Phonies, Morons, & Perverts

Kids these days kill me.  They really do.

When speaking with high school or college students or those that want to get married—any young person facing transition—I sometimes channel my inner Holden Caulfield (as in this blog), who basically thought that anyone over twenty-two was a phony, a moron, or a pervert.  Though bright, savvy, respectful, and culturally adept, the story teller in The Catcher In the Rye had his own set of problems: he didn’t know how to cope with his little brother’s death, he got kicked out of numerous prep schools for not applying himself, he was torn between the attractions and fears of adulthood, and he wandered aimlessly seeking meaning of it all.  He is not unlike many young people who deal with difficult or tragic situations, who feel rejected or ignored by the church, who are intimidated by what the future holds, who search to make sense out of life’s mysteries, and who realize that every day is soon gone forever.

As a priest and representative of the church, I believe it is our ecclesial duty to meet young people where they are, reach out and help them connect with our institutes, and take a step with them in life’s journey, assisting them in discovery of their purpose in the divine plan.  As a church, we are probably not doing enough—or perhaps better stated, we could do more.  As Holden might say, we (priests) get a hundred instructions a month from ecclesial leaders telling us why we can’t help young people if they just want to get married their way on a beach, up a mountain, or in a vineyard, plus they send us a thousand notes a year telling us how not to help those that were married before, even though they just made a mistake and married a phony or a pervert.  The old PTB just like to issue ecclesial sanctions, penalties, and reprimands when you try to help somebody.  And if you want to privately bless their marriage, the old chancery people really go crazy—trust me, they do.  They want us to be phonies, too; like if you find out somebody’s living together before they get married you’re supposed to die of heart attack or something.  And you can’t tell the phonies that they’re morons, he would say, because morons don’t like it when you call them a moron.

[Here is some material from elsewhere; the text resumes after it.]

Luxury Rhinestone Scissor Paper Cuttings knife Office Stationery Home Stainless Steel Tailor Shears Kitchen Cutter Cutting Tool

Though obviously joking, I point to a perception that many young people don’t find the church to be very relevant in their lives and don’t find us, priests and church workers, to be particularly helpful. They really do kill me.  I recently saw a statistic showing less than 500 weddings in our diocesan churches last year.  It seems awfully low to me.  I’m working on 30 to 40 right now—some of my close priest-friends have a similar load.  But there are over a hundred priests serving in our diocese.  Have most of them decided it’s easier to not even try to help these kids?  My point is that we ought to find ways to assist young people, in general, become interested in, and excited about, our communal faith, and search ways to help couples, in particular, become less turned-off by our marriage guidelines and other ecclesial laws.  Holden observed that some Catholics are always trying to find out how Catholic you are—half a century later, it’s still true.

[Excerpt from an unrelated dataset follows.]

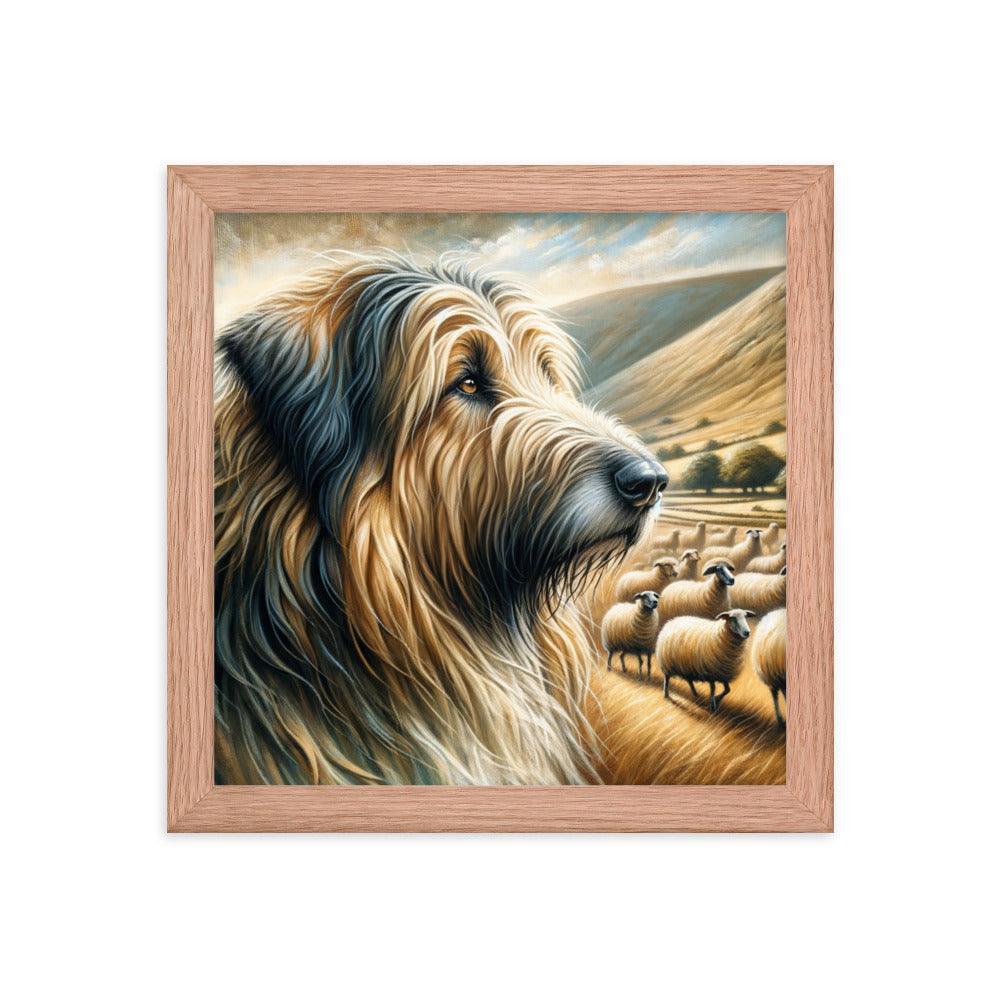 Catalan Sheepdog in Pastoral Setting with Flock and Rolling Hills Framed Poster - Oh Posters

If the church is a big field of rye above some crazy cliff where thousands of kids play, somebody big needs to be there to catch them if any start to go over the cliff, in case they don’t watch where they’re going.  When Holden was asked what he wanted to be, he said, “I know it’s crazy but that’s the only thing I’d really like to be…somebody’s got to catch them.”  Though I’m no Holden Caulfield, I hope we, the church, will look out for our young people, especially in times of transition, to help them stay connected, even happy, in the church–and catch them so they don’t fall away.

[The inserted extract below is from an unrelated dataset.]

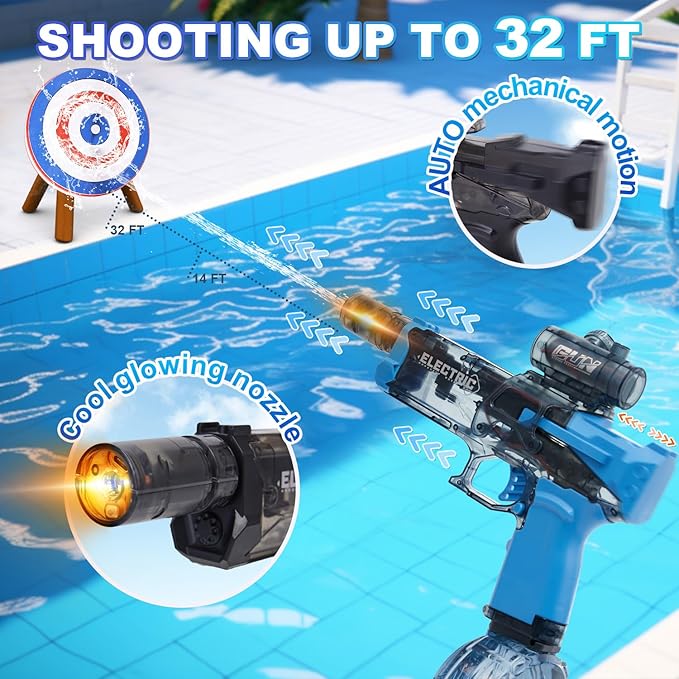 Electric Water Gun for Adults Kids: Most Powerful Squirt Gun, Automatic high Powered Pressure Blaster watergun with Realistic Led Muzzle Flame,28-32 FT Range,Perfect Summer Gift Toys for Age 8-12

(Blogger’s Note: except for the underlying message that the church should more readily see from the eyes of young people, this column is facetious; those familiar with J. D. Salinger’s writing will quickly get this. I should also note that when I challenge the church, I am referring not only to those in power positions but to you and me who can, in our own ways, effect change.  I write this not only because it’s true but also because I don’t want to get any calls from PTB morons.)